■ DATA EXTRACT ■
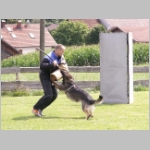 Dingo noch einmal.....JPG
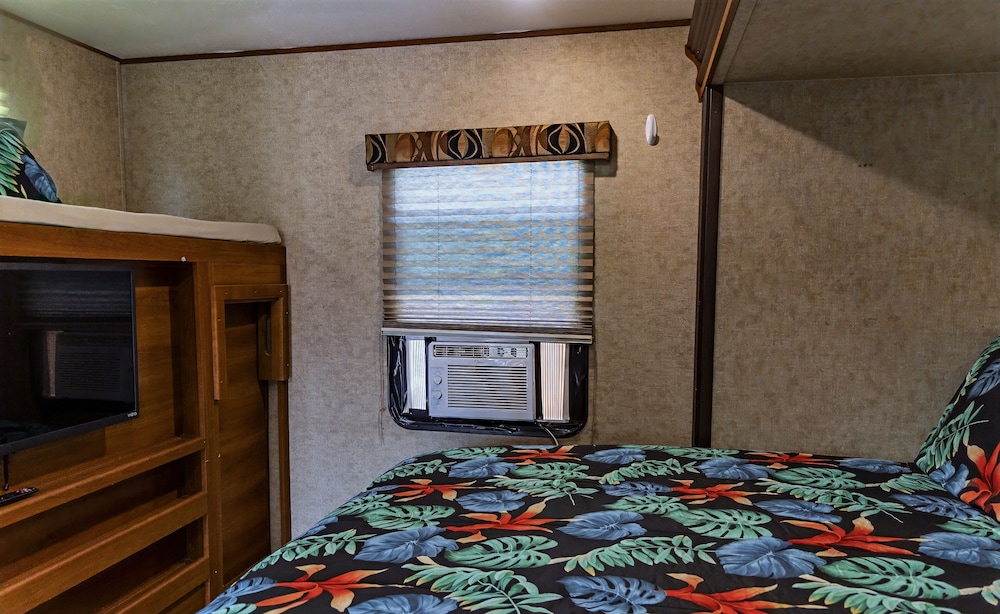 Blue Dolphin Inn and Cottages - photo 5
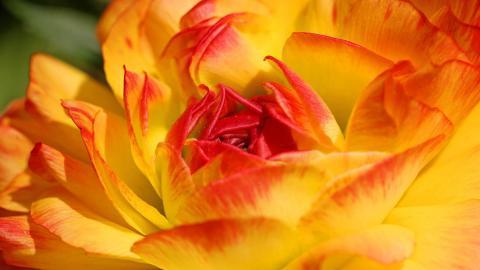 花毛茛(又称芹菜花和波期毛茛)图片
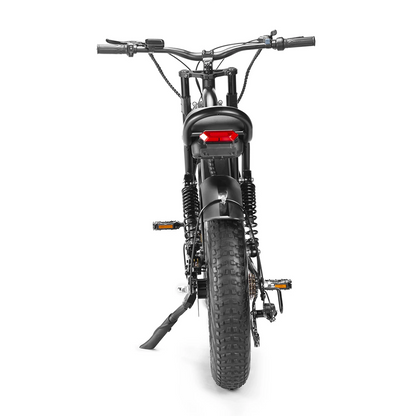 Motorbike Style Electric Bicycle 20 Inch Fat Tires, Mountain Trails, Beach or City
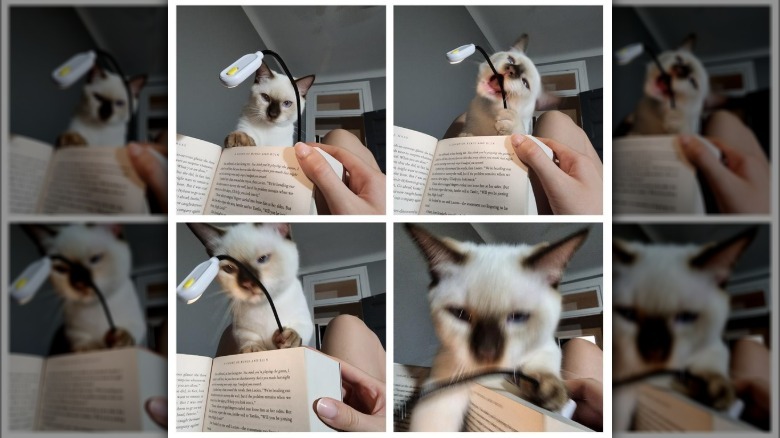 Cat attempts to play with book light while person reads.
--
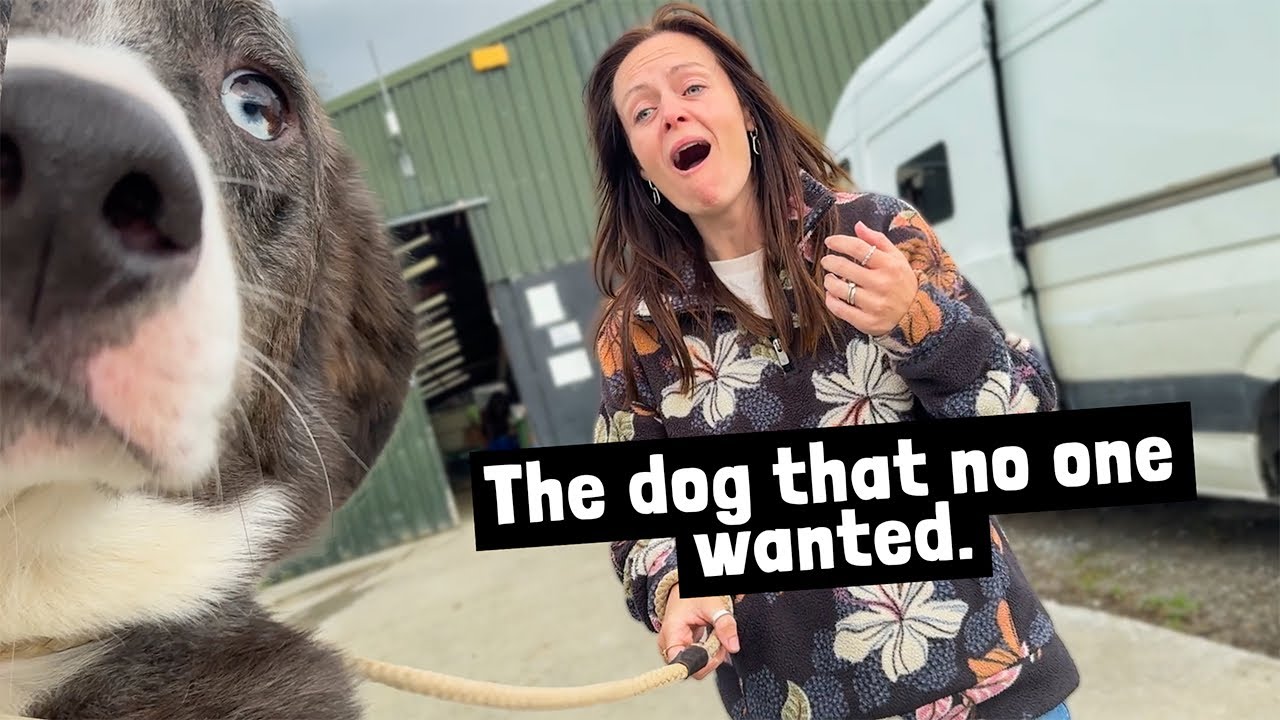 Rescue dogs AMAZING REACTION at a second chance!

■ TO DO ■
From the records above, output only the lines starting at the one containing "花毛茛(又称芹菜花和波期毛茛)图片" and ending at the one containing "Cat attempts to", word for word. Pictures stay out.

■ YOUR SOLUTION ■
 花毛茛(又称芹菜花和波期毛茛)图片
 Motorbike Style Electric Bicycle 20 Inch Fat Tires, Mountain Trails, Beach or City
 Cat attempts to play with book light while person reads.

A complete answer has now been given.